> **Collected data**
==*==

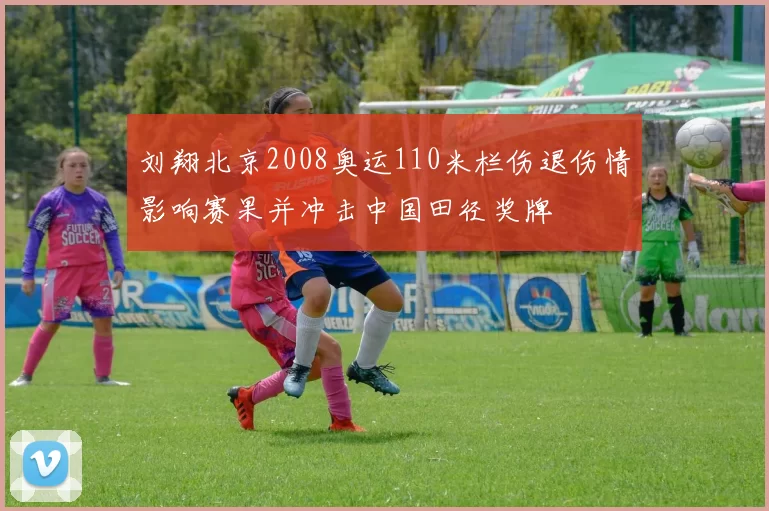 刘翔北京2008奥运110米栏伤退伤情影响赛果并冲击中国田径奖牌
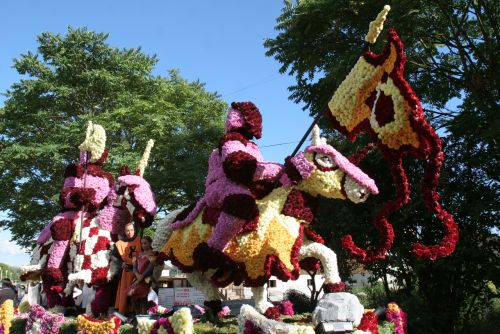 Elsass_Blumenparade_Sélestat ©Ville de Selestat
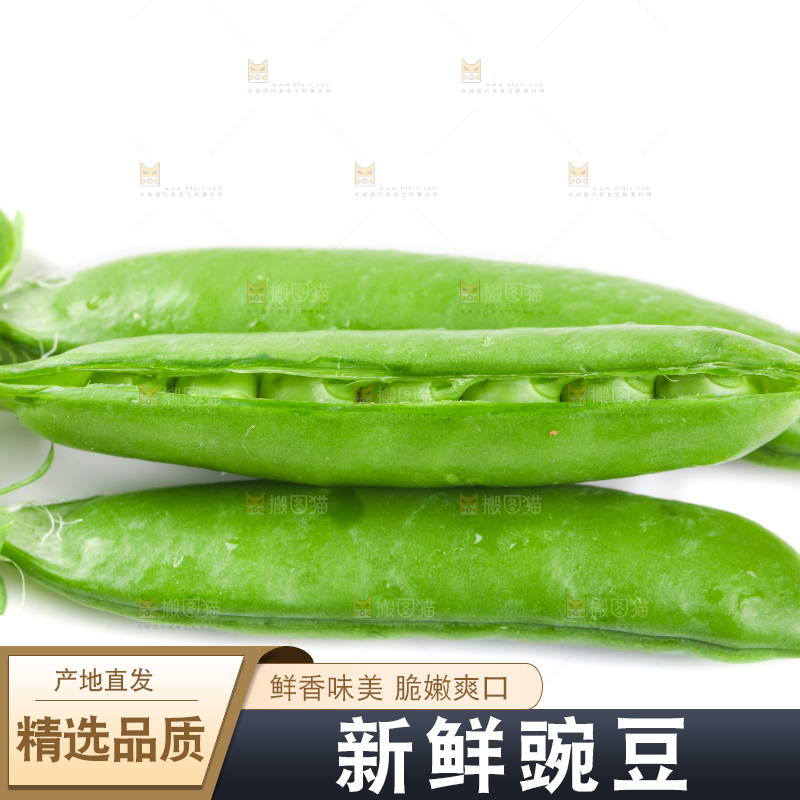 白底上的新鲜豌豆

==*==

> **Your assignment**
What is needed is an exact copy of all the data, with no images in it.

> **Output for this task**
 刘翔北京2008奥运110米栏伤退伤情影响赛果并冲击中国田径奖牌
 Elsass_Blumenparade_Sélestat ©Ville de Selestat
 白底上的新鲜豌豆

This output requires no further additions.